How Search Works

By Rishabh Chatterjee (Aug 24, 2024)

How Google Search Works
How Google Search Works
How Google Search Works

Have to start this one with a disclaimer and PSA : no one reallyyyy knows exactly how Google Search works - not even their own employees (and yes, I’ve spoken to a bunch of them). However, the recent Google documentation leaks, coupled with public documents from antitrust hearings has given us “outsiders” some really good insights that are relevant for anyone who’s in the space, or trying to rank on Google. This is my attempt at breaking down some of the complex processes into understandable, actionable snippets. 

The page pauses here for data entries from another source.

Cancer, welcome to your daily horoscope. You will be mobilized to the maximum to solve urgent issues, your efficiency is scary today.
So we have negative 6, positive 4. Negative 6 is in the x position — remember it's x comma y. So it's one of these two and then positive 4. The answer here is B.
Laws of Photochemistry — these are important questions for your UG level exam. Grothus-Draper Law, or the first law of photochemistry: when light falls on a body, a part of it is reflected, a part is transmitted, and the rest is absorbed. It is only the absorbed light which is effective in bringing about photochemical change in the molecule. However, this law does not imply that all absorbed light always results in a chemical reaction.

How does Google Search Work?

Indexing a new page

When you publish a new website, or page, Google does not immediately index it. Google must first become aware of the page. This can happen in couple different ways :

  • Submit a page via Google Search Console

  • Add it to you Sitemap / resubmit the Sitemap

  • Link the page from some other page so that Google’s crawler can find it the next time it crawls your website

While you should ideally do all, research has shown that new pages that are linked from popular pages (like home page, etc.) tend to get indexed faster.

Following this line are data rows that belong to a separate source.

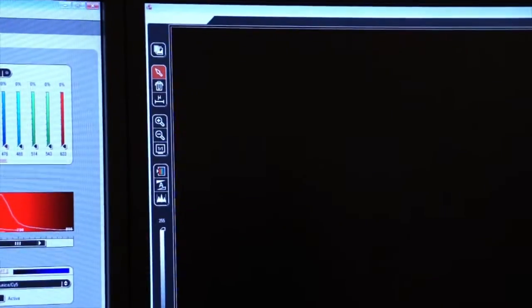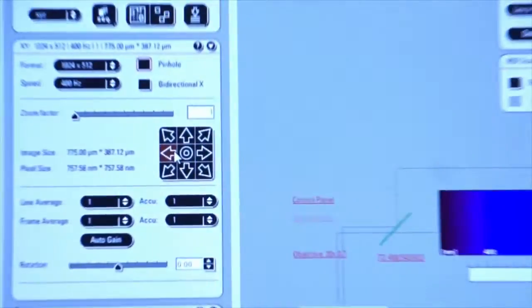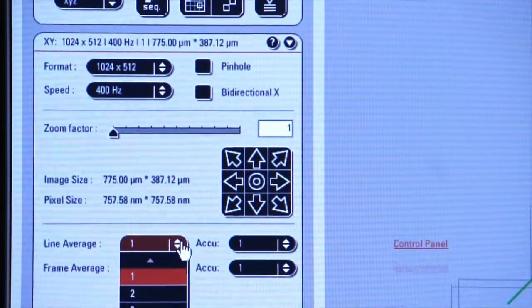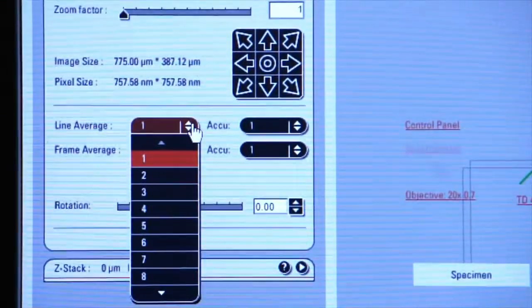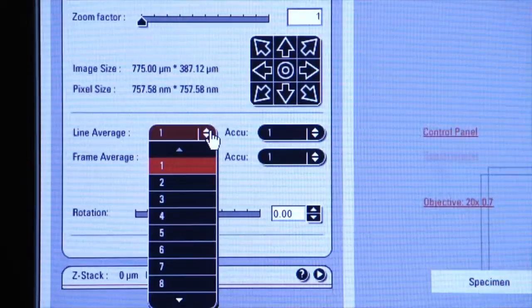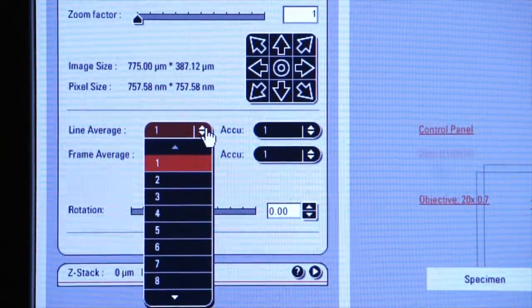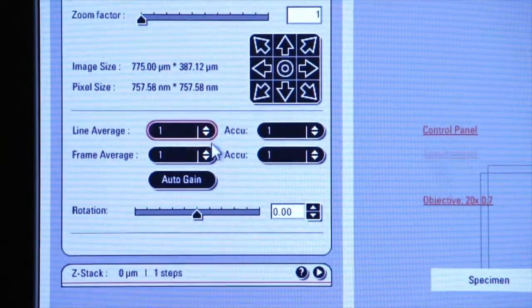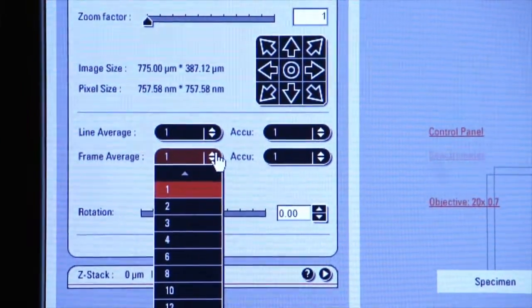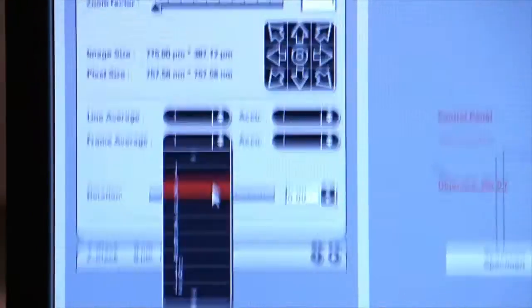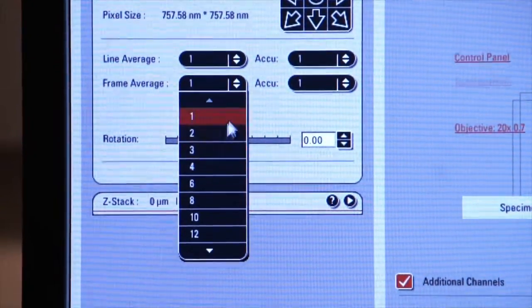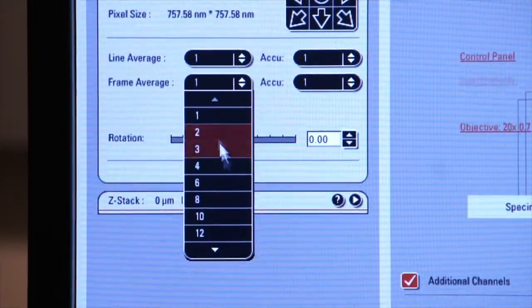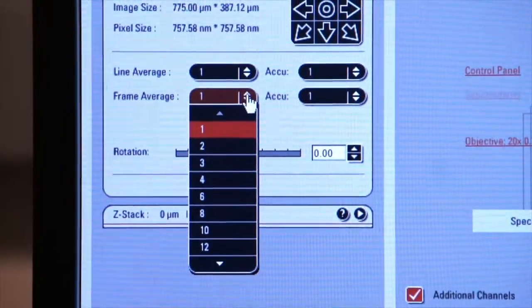We're also going to discuss line average, how to improve our images by doing averaging of each scanned line, and we will discuss frame average. In this instance, we will average each frame out a number of times according to the number we select. And that will decrease background noise, increase our signal to noise ratio, and clean up our image.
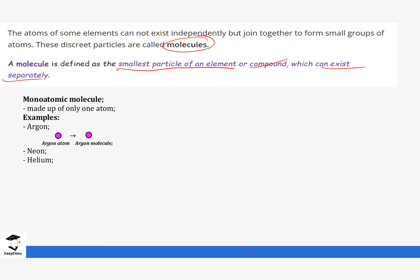Examples of monoatomic molecules are made up of only one atom. We are going to look at these as the Group 8 members in the periodic table later on. Examples are argon, neon, and helium — they are made of only one atom but we refer to them as, for example, the argon molecule.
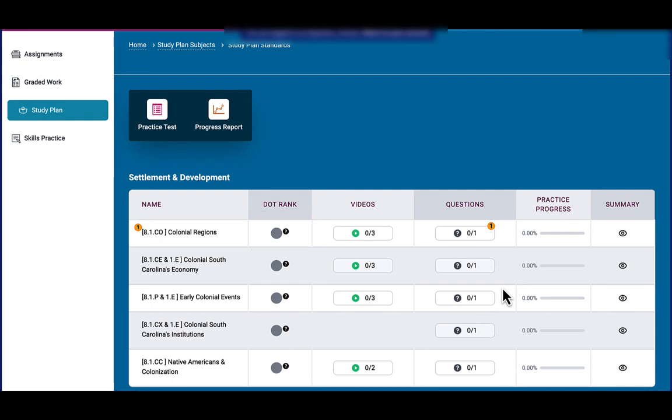Then they will answer the questions. Their assignment is not complete until their dot rank is hopefully a green and their practice progress bar is full. Sometimes if they answer one question right, the dot rank will go ahead and show green, but you know they haven't answered everything because the progress bar is not full.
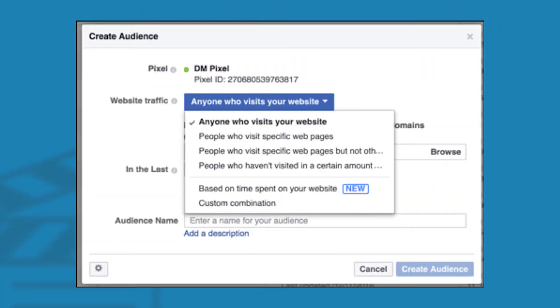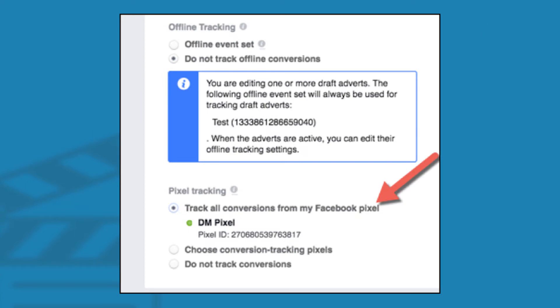First, you can target anyone who has visited your website as a whole — this one is self-explanatory. Keep in mind that if you have your pixel installed on multiple websites, you can select those different URLs from the drop-down. There are so many possibilities with retargeting. Facebook marketing tools allow you to spend valuable time on an audience that is most likely interested in the type of films you are distributing.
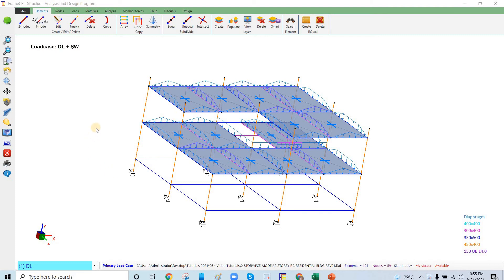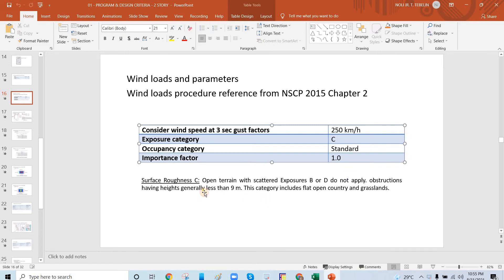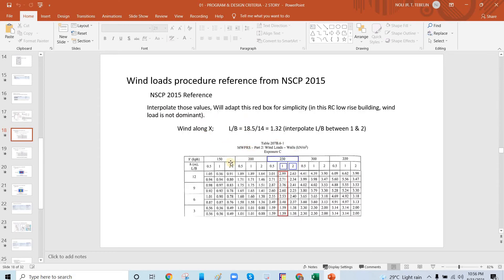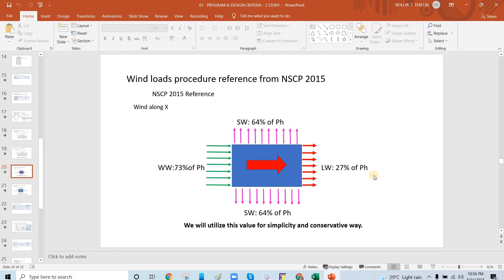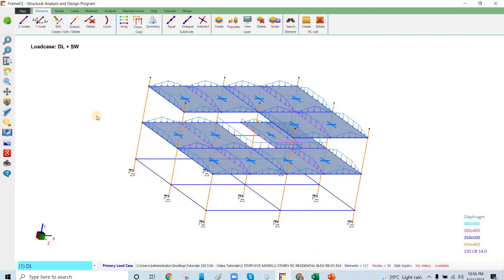In this video number nine, we will apply the wind loads in Frame CE. Going back to design criteria, our wind load is 250 km per hour, exposure category is C, occupancy category is standard occupancy, so the importance factor is 1.0. We will go to NACP where there are provisions, and you can also do manual calculations or use another structure for simplicity or verification of the software forces.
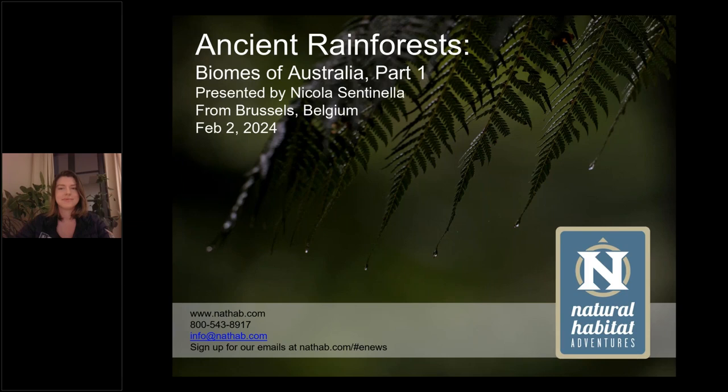Welcome to Natural Habitat Adventures Daily Dose of Nature. Today's topic: Ancient Rainforests, Biomes of Australia Part 1, presented by NADHAB Expedition Leader Nikki Centinella. I'm your host Rob Mess. Thank you so much for being here with us today. Over to you, Nikki.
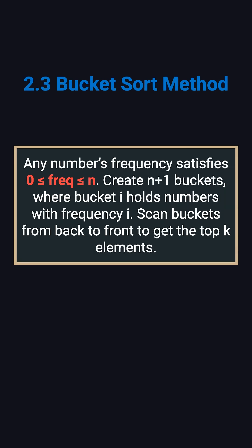There's an even faster approach, bucket sort, which runs in linear time. Here's the key idea. A number can't appear more times than the total length of the array. So we can create a list of buckets with length N plus 1. Each index represents a frequency, and each bucket stores the numbers that appear that many times.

Google has 5 different components involved in page discovery and the indexation process : the Trawler, Scheduler, Storeserver, Alexandria, and the (unconfirmed) Sandbox. The Trawler is responsible for retrieving new content. It is assisted by the Scheduler, which is responsible for telling the Trawler how often to revisit URLs to update the content. Once the Trawler has retrieved the content, it passes it onto the Storeserver. The Storeserver makes a decision as to whether the URL should be forwarded to Alexandria, or placed in the Sandbox

Alexandria is Google’s codename for the indexing system - more on that later. What is very interesting (and also not confirmed by Google) is the existence of the Sandbox. The recent push towards monitoring spam and low quality content URLs has demanded the existence of this Sandbox : all low quality / spammy URLs are placed in the Sandbox as opposed to being sent to Alexandria. As Google is training its AI / ML models with reinforcement learning with human feedback, it seems very viable that they use this sandbox (pretty much as it sounds) as the test environment for figuring out if a page is “legit” or not.

Google Search System Design

Google Search Indexing (Basic System Design)

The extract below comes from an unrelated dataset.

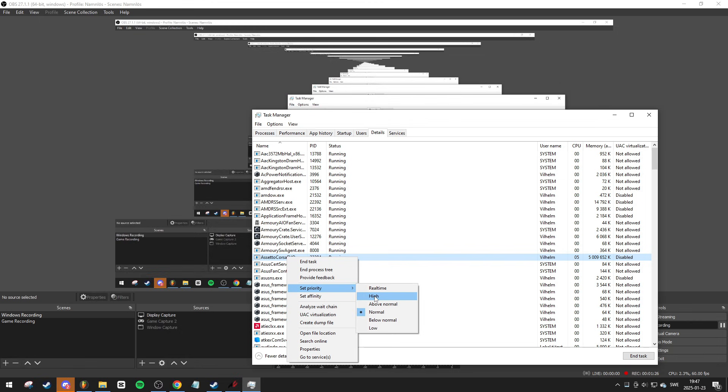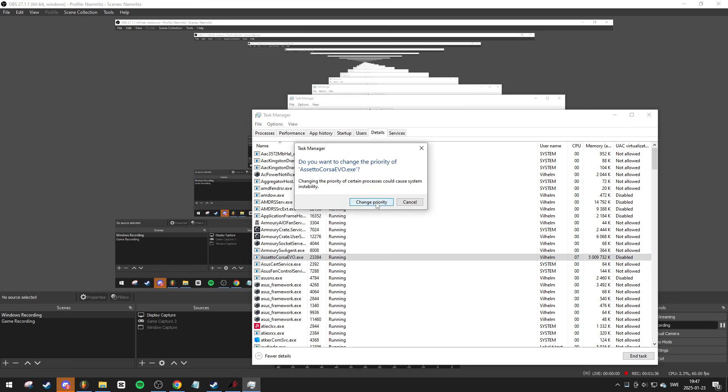Keep in mind that while setting the priority to high can give you the most performance boost and higher FPS, it could also strain your CPU and GPU. Proceed with caution.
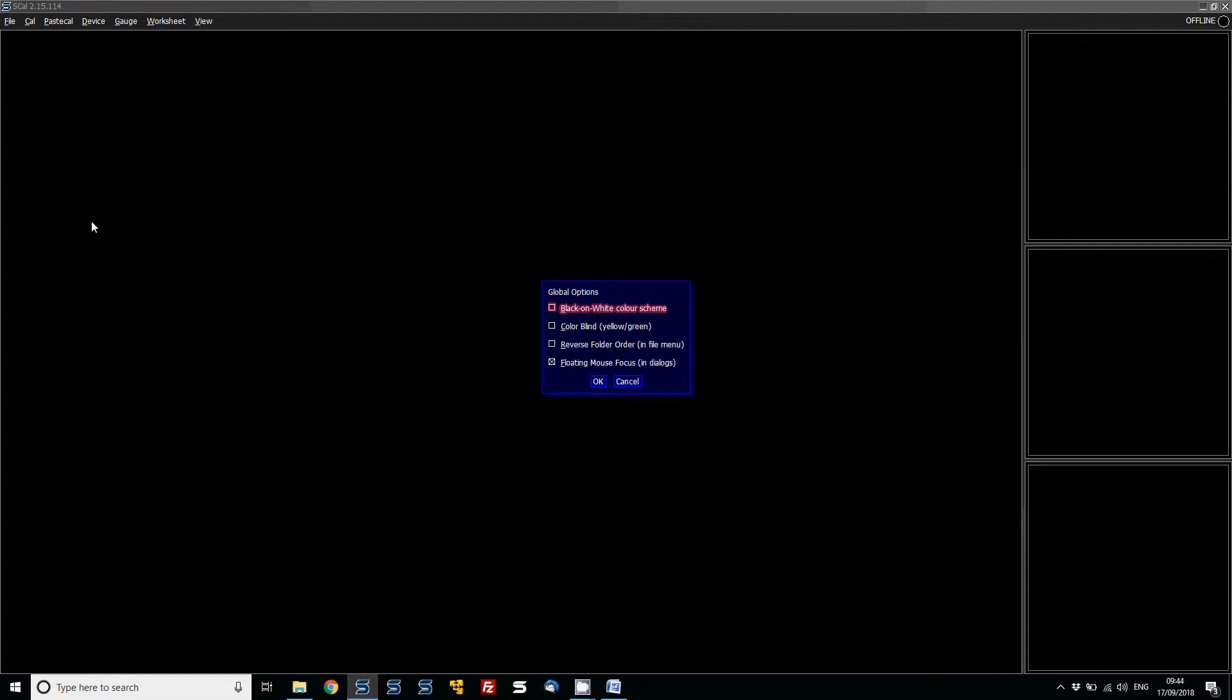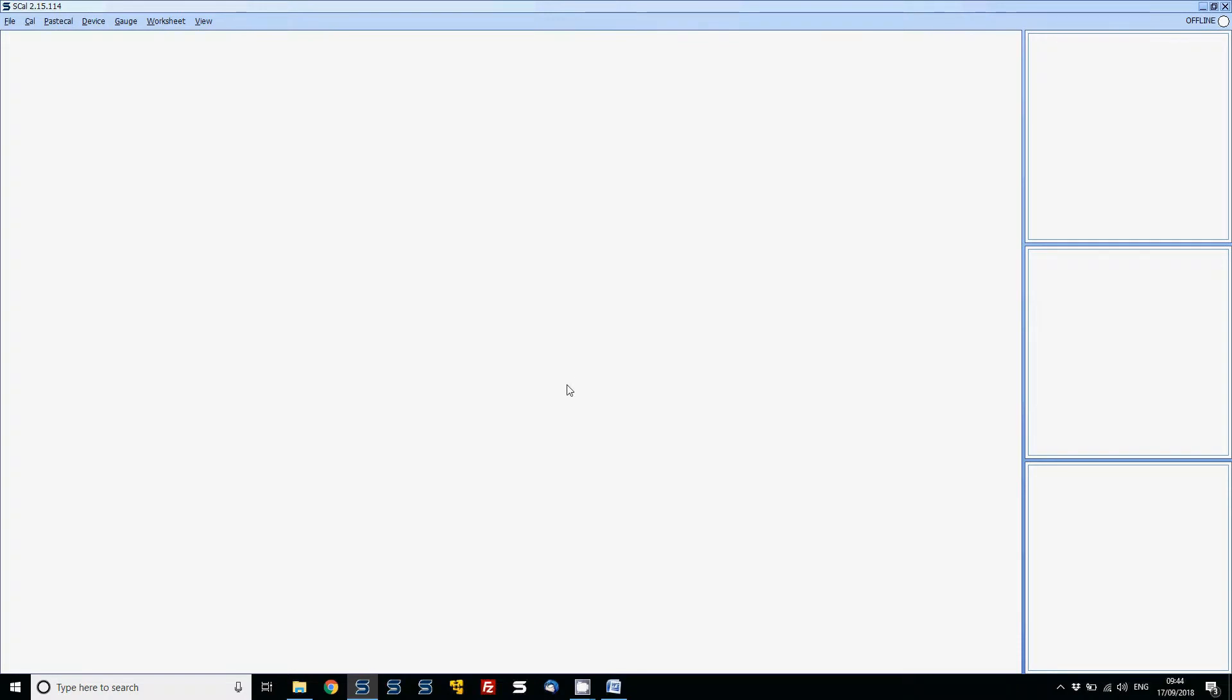First, as you can see, the layout has a black background with white items. You can change this around—switching between black on white or white on black color schemes by clicking the option under Global Options. In doing so, you'll notice the color changes.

Alexandria - Google’s Indexing System

Alexandria has been around for a while. While we can write several articles on just Alexandria, I’ll keep it short and touch on the points that actually matter for outsiders. 

Alexandria stores documents, and each document contains one or more URLs. Why group URLs into documents? Because of duplicates, different URLs with the same content, the same content in different languages, hreflang implementations that cause minor differences in the URL, and so on and so forth. This list of documents is called Doc Index

This is where the concept of Canonical URLs comes into play : each document should have one canonical url, which can be thought of as the “original”, most important URL of this group that Google will prioritize, index, and pass link equity to. Users can define canonicals themselves, but in the absence of a user declared canonicals, Google automatically decides which URL to make the canonical one. 

Canonical URLs example

Canonical URLs Example

However, Alexandria doesn’t just store the Doc Index. It has 3 more components, the most important one being the Word Index. Each URL of every document is searched for top keyword phrases. These keyword phrases are stored in the Word Index, with links to the documents that are most relevant for these keyword phrases, along with an IR (Information Retrieval) score.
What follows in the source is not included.